### [PROBLEM DESCRIPTION]
Nothing in the copy should be a picture; everything else in the listing is to be restated exactly.

### [DATASET CONTENT]
■ ■ ■ ■ ■ ■ ■

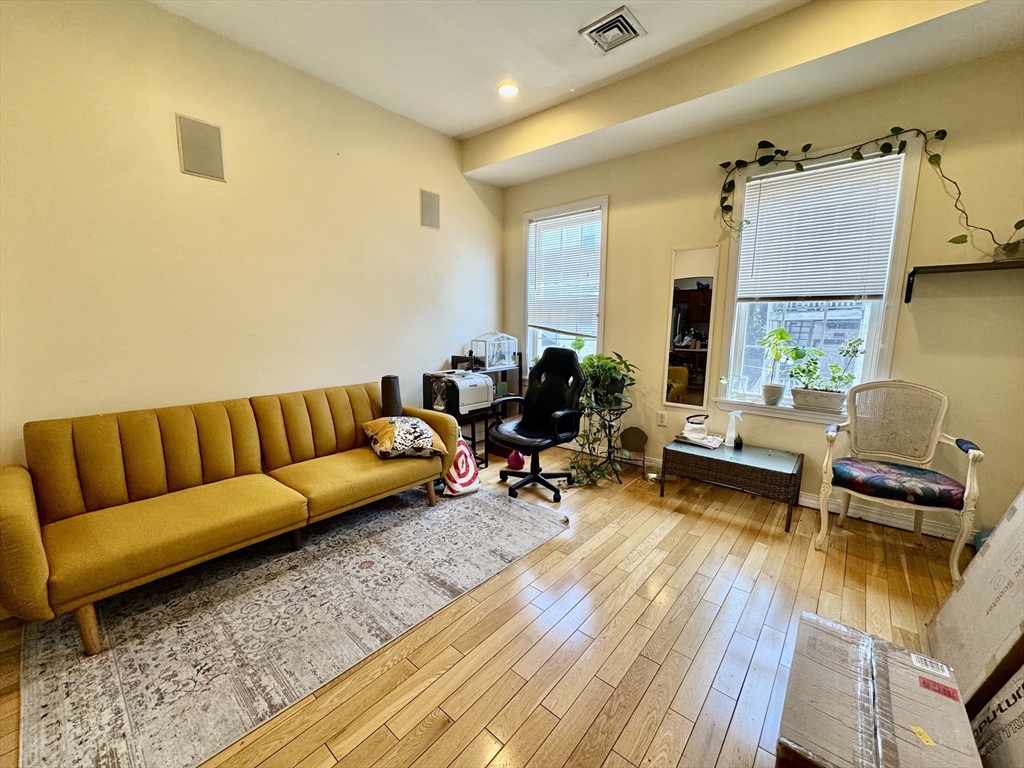 22 Elmore Street, Unit 2 Boston, MA 02119 - Photo 1 of 17 a living room with furniture and a wooden floor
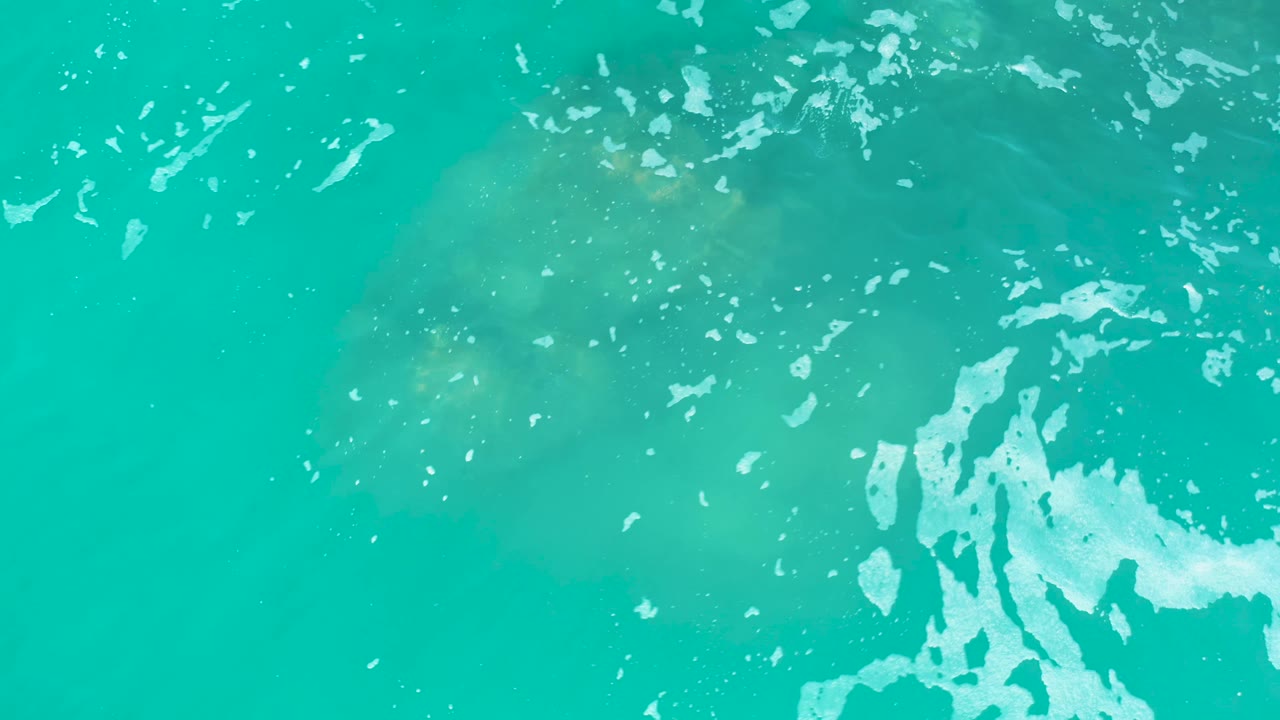 The manatee appears faint beneath rippled turquoise water at Marquis Los Cabos, Mexico, with white foam crossing the upper area and no visible people.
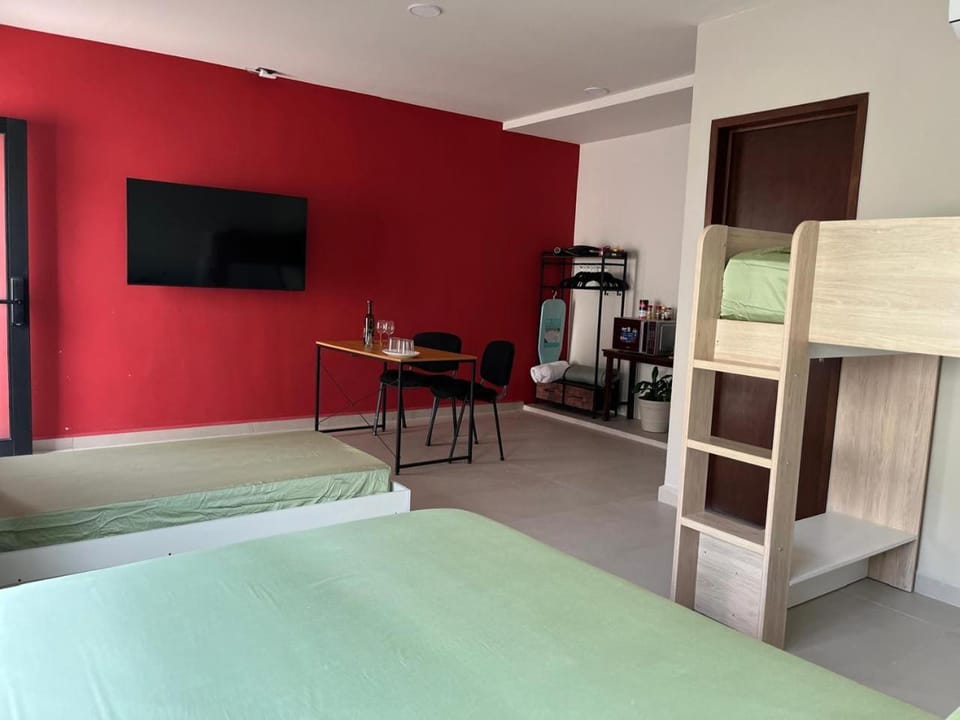 Bed, TV and multimedia, Seating area, wardrobe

■ ■ ■ ■ ■ ■ ■

### [PROBLEM SOLUTION]
 22 Elmore Street, Unit 2 Boston, MA 02119 - Photo 1 of 17 a living room with furniture and a wooden floor
 The manatee appears faint beneath rippled turquoise water at Marquis Los Cabos, Mexico, with white foam crossing the upper area and no visible people.
 Bed, TV and multimedia, Seating area, wardrobe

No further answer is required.